Exploring sequence variant annotation in human

The NF1 gene encodes a neurofibromin 1 protein. Variations in the gene have been associated with neurofibromatosis, a disease characterized by patches of skin pigmentation (also known as café-au-lait spots).

(a) Find the NF1 gene for human. How many variants are listed for this gene? How many structural variants are listed for this gene?

(b) Let’s focus on the Matched Annotation between NCBI and EBI (MANE) Select transcript of the NF1 gene. The MANE Select transcript flag describes the confidence of the transcript annotation. You can read more about this here. Find the rs876658658 variant. What Sequence Ontology (SO) term, or variant consequence type, has been assigned to this variant?

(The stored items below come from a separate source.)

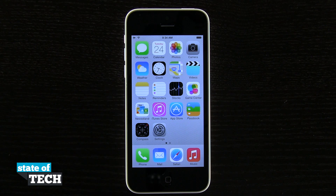Hey everybody, welcome back to State of Tech. This is James here with another iPhone 5C quick tip for you. I'm going to show you how to change your default wallpaper.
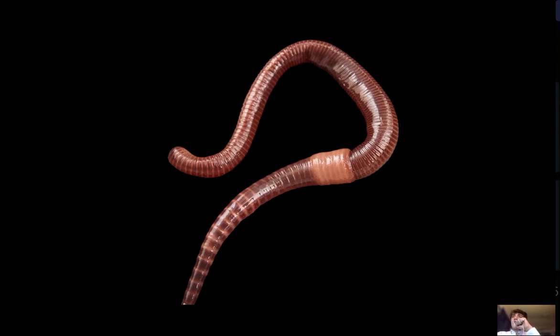Platyhelminthes are invertebrates that show cephalization and reproduce asexually. An example of one is a flatworm.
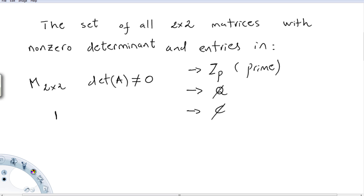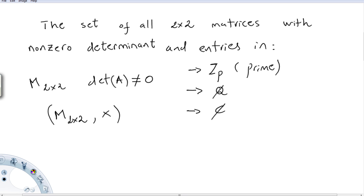We call this set M — 2×2 matrices under usual matrix multiplication — and this is a group. The only difference between cases is the entries: from Z_p, the rationals, or the complex numbers. When you add or multiply entries, you do so within Z_p, the rationals, or the complex numbers respectively.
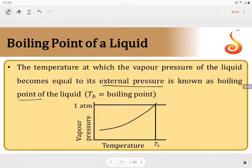If the vapour pressure equals the external pressure, the temperature corresponding to that point is taken as the boiling point.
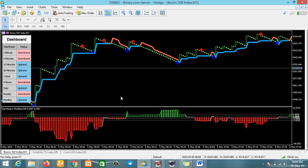Thank you guys — this brings an end to our question and answer session for today. If you have any questions regarding how you can get your hands on the full indicator setup — which contains this dashboard, this arrow signal, this line, and this histogram down here — feel free to contact me. I hope you guys make a lot of profits, and bye for now.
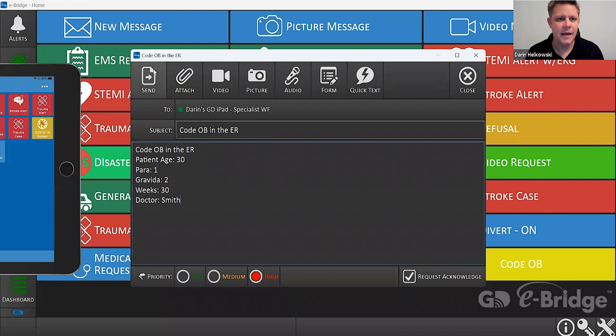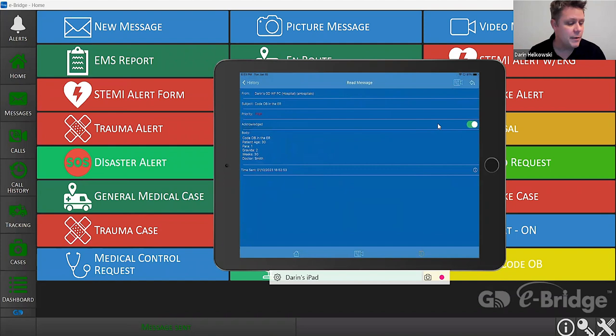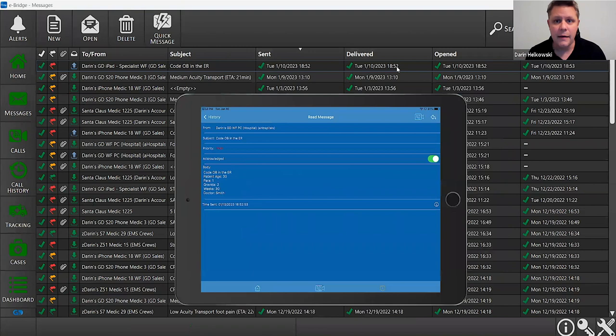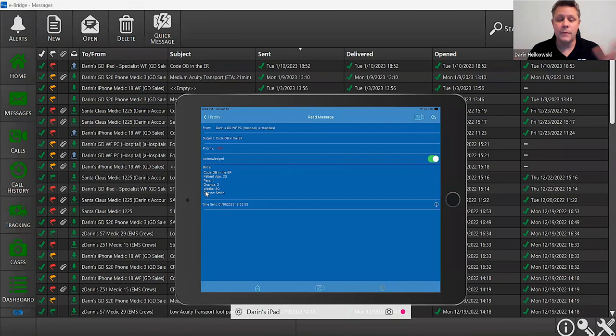I'll hit the send button and watch as it immediately comes through on the iPad. We open that message up and we can see the acknowledge button has now been acknowledged, which lets us know down in the ER that it was delivered, opened, and time-stamped when the acknowledge button was hit — a really nice feature so the sender knows the Code OB was received. The information entered is readily available.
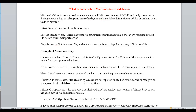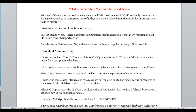What to do to restore a Microsoft Access database? Microsoft Office Access is used to make databases. If Microsoft Access RDBMS suddenly causes an error during work, saving our startup and data of MDA and MDB files are deleted from the saved file or broken. What to do to restore it?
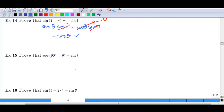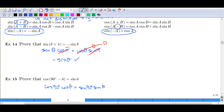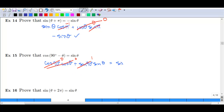For cosine of 90 degrees minus theta, we use degrees as well as radians. Applying the cosine subtraction identity: cosine of 90 degrees times cosine of theta, plus sine of 90 degrees times sine of theta. Cosine of 90 degrees, or π/2, is 0, making that first term 0. Sine of 90 degrees is 1, leaving us with just sine of theta, which is what we wanted.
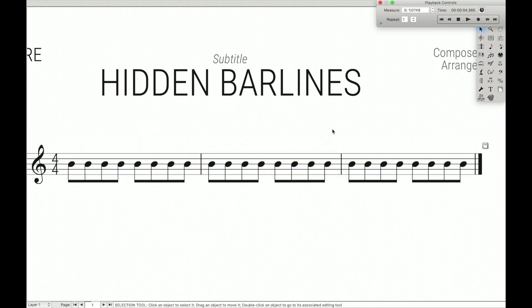And there you have it — that's how you create truly hidden bar lines in Finale. If you found this video helpful, make sure to hit the like button so I know you want more content just like this. Each week I post new content about how to use Finale to its fullest, so if you don't want to miss out, hit the subscribe button and ring the bell so you get notified as soon as a new video comes out.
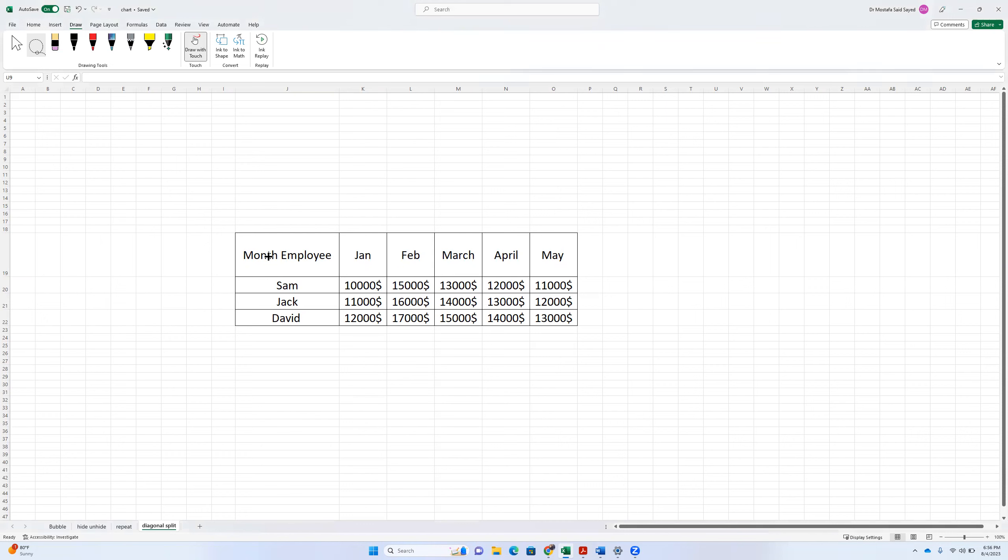So basically, we want to diagonally split this cell like that and put employee here, put month here. So that will give you more idea. Let's draw what I want to do exactly.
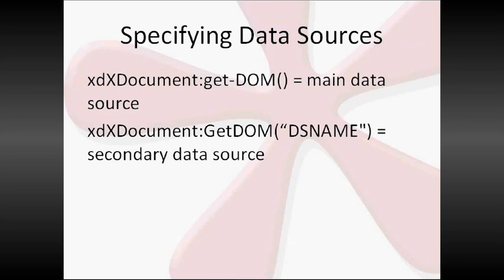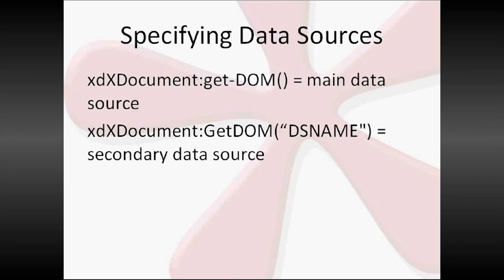So specifying data sources, you can see the difference between these two lines. When we are specifying a data source in an expression in InfoPath, if we're selecting the main data source, InfoPath uses get-dom, lowercase g, capital D-O-M, empty parentheses. When we're selecting a secondary data source, it uses get-dom with a capital G, no hyphen, and the data source name inside of quotes, inside of the parentheses. I mention this because sometimes when you're creating a complex XPath expression, you may decide that you just want to put bits and pieces of it in Notepad and cobble it together as you go, which I do. And it's good for you to know how to refer back to a main data source. It's good to know how to refer back to the main data source. And this takes you right to the very root.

(c) What is the clinical significance for this variant?

(d) Why does Ensembl put the C allele first (C/T)?

(e) What is the ancestral allele predicted for this locus?

(f) Which allele is associated with type 1 neurofibromatosis (with supporting evidence) and what is the significance of the association?

(g) How many publications mention this variant?

(h) Besides neurofibromatosis, what other MIM morbid entries are available for this gene?

(a) Go to the Ensembl homepage, search for NF1 in human and click on the first hit “NF1 (Human Gene)” in the results page. Click on Variant table in the left-hand menu.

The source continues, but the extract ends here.